Pandeglang (ANTARA News) - Balai Taman Nasional Ujung Kulon (BTNUK) Pandeglang menggandeng 14 desa yang berada di sekitar kawasan taman nasional itu untuk bersama-sama menjaga dan melestarikan kawasan hutan.

"Kita perlu menggandeng desa yang ada di sekitar wilayah Taman Nasional Ujung Kulon (TNUK) untuk menjaga kawasan tersebut supaya tetap lestari," kata Kepala BTNUK Pandeglang Agus Priambudi di Pandeglang, Rabu.

Menurut dia, desa yang digandeng untuk menjaga kawasan dengan sistem kemitraan tersebut berada dalam dua wilayah kecamatan yakni Cimanggu dan Sumur.

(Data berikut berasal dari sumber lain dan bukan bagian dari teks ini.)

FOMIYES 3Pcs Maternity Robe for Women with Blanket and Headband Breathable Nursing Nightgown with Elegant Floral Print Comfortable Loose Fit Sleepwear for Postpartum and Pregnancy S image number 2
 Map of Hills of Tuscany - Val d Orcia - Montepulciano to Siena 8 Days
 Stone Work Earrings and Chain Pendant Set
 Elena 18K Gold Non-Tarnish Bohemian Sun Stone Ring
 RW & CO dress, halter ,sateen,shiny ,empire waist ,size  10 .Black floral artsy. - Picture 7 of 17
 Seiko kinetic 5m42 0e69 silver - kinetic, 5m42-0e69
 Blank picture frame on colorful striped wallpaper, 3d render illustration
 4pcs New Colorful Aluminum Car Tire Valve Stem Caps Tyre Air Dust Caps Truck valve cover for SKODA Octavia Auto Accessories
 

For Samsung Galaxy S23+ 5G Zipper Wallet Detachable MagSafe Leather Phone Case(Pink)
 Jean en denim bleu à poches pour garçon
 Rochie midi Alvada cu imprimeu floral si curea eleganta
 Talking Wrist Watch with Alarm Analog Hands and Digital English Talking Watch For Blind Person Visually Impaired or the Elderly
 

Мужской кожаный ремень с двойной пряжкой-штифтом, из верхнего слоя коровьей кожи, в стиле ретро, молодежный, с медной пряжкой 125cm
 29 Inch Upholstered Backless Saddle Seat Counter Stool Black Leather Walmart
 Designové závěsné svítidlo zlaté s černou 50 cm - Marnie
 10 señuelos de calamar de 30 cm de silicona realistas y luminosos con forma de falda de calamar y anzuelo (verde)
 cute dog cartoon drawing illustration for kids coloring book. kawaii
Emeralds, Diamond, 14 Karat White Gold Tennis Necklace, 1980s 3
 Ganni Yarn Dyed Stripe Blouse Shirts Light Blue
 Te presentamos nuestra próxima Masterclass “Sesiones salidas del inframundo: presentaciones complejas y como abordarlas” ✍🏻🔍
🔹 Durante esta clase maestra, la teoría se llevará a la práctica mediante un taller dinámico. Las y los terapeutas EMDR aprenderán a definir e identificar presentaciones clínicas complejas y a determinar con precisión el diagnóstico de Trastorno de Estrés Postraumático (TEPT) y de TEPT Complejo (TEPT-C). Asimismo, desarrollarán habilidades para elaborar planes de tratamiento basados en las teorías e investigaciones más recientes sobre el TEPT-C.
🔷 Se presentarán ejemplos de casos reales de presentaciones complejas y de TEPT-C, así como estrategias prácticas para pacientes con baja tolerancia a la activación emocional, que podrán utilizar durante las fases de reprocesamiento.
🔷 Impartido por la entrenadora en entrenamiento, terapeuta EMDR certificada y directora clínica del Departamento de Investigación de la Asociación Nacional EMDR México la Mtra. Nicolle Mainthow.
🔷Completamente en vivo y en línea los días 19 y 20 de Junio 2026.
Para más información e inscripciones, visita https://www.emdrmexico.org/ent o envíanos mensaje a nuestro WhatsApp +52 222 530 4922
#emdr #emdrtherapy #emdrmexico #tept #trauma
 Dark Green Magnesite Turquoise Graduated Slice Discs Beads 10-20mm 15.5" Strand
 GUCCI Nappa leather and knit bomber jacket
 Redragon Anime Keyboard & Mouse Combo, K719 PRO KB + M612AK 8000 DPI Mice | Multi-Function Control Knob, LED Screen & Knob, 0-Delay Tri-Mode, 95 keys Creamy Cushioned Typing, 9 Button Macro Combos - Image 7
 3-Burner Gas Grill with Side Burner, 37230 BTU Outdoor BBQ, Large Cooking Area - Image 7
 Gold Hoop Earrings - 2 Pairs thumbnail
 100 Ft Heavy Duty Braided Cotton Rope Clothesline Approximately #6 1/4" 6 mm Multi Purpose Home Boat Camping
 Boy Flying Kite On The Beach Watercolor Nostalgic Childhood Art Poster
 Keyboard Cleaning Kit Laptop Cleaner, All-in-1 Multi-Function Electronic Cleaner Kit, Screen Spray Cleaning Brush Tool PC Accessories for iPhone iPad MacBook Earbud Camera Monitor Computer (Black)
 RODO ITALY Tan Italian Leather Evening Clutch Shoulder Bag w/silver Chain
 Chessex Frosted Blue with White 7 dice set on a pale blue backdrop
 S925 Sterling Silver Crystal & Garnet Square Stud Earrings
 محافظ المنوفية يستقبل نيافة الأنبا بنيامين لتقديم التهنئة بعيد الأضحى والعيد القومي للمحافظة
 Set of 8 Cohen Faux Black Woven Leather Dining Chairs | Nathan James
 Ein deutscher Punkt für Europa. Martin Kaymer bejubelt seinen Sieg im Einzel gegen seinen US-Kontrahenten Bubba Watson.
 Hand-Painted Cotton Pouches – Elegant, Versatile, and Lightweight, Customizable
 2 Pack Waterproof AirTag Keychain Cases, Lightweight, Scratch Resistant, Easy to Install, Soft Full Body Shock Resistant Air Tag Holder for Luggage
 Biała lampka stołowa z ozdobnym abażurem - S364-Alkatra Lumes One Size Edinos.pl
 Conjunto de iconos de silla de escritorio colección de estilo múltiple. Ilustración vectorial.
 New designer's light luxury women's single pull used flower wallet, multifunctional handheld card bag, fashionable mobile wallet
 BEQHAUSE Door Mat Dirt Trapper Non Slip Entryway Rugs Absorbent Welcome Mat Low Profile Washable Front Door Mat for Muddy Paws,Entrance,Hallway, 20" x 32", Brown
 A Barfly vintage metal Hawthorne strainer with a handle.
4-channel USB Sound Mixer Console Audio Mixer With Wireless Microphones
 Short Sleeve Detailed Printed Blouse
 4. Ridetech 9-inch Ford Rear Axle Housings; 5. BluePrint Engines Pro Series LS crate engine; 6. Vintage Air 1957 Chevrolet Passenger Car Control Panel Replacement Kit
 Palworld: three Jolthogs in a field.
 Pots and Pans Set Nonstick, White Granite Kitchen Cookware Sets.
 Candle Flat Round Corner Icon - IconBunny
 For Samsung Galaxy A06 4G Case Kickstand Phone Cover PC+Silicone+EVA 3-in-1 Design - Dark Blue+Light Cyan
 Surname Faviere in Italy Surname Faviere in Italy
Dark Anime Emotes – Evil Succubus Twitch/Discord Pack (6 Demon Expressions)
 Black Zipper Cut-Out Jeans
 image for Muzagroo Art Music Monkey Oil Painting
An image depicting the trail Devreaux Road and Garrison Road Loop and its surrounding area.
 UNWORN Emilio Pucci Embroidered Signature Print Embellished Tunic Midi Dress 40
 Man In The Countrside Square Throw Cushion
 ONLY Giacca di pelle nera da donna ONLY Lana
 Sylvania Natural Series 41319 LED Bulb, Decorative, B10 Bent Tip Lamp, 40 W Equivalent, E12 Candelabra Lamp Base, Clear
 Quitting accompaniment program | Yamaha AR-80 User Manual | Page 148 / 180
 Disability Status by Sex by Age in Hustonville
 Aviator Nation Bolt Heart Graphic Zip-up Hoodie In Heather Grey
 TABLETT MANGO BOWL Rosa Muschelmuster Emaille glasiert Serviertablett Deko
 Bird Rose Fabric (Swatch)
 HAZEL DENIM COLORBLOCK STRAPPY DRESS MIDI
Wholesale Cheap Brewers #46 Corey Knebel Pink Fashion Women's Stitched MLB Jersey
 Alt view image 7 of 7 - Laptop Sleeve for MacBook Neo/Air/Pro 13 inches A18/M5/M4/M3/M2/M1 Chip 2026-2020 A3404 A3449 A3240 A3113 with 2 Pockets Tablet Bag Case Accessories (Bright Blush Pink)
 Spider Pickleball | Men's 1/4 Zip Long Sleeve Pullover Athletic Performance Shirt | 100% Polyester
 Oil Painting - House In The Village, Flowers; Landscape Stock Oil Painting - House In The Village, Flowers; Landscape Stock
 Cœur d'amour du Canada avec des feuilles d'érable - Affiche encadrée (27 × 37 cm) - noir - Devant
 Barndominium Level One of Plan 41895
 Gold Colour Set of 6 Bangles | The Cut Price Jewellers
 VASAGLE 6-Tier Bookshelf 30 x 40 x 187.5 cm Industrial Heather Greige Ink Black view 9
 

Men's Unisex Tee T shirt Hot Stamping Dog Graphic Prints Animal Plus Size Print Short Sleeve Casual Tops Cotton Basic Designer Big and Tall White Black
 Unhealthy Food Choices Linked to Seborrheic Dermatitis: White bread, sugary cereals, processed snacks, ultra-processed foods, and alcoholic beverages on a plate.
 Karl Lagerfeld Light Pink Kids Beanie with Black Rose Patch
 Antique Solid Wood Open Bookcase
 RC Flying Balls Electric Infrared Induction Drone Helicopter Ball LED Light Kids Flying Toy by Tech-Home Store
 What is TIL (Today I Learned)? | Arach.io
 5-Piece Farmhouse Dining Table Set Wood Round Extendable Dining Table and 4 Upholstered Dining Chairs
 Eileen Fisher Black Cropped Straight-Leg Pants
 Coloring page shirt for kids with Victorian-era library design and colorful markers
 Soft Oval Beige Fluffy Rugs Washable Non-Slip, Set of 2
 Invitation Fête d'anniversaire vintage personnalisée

Ia mengaku, secara rutin menggelar pertemuan dengan para kepala desa tersebut untuk membicarakan berbagai permasalahan yang ada di kawasan taman nasional itu, di antaranya kondisi faktual di lapangan serta cara penjagaan dan pemeliharaan hutan tropis yang menjadi habitat badak jawa tersebut.

BTNUK, kata dia, juga telah membentuk beberapa Lembaga Konservasi Desa (LKD) untuk bersama-sama dengan petugas keamanan dari BTNUK melakukan patroli guna menjaga kawasan dari tindakan perambahan dan pembalakan liar.

"Kita membentuk Lembaga Konservasi Desa (LKD) yang anggotanya dari masyarakat setempat, dan lembaga itu kini pro aktif mengamankan wilayah hutan serta secara rutin menggelar patroli," katanya.

Menurut dia, saat ini telah dibentuk dua LKD yakni di Desa Kramatjaya dan Kertamukti, kedua LKD tersebut kini sudah berjalan dan rutin melaksanakan operasi pengamanan hutan.

Pada 2010, BTNUK akan kembali membentuk empat LKD yakni di Desa Kramat Jaya, Padasuka, Sumberjaya dan Kertamukti. Pembentukan LKD itu mendapat dukungan penuh dari Kementerian Kehutanan dan sebuan Lembaga Swadaya Masyarakat (LSM) nasional.

Ia mengaku, optimistis dengan keterlibatan masyarakat dalam menjaga hutan maka kawasan TNUK akan tetap lestari.

Mengenai tingkat kerusakan kawasan TNUK, menurut dia, relatif rendah jika dibandingkan dengan hutan lain yang ada di berbagai daerah di Indonesia.

Tingkat kerusakan hutan di kawasan Taman Nasional Unjung Kulon (TNUK) di Kabupaten Pandeglang Provinsi Banten hanya 2.100 hektare (Ha) atau 2,76 persen dari luas kawasan tersebut mencapai 76 ribu Ha.

"Tingkat kerusakan hutan TNUK ini termasuk paling rendah di seluruh Indonesia, bahkan untuk Pulau Jawa TNUK merupakan hutan terbesar," katanya.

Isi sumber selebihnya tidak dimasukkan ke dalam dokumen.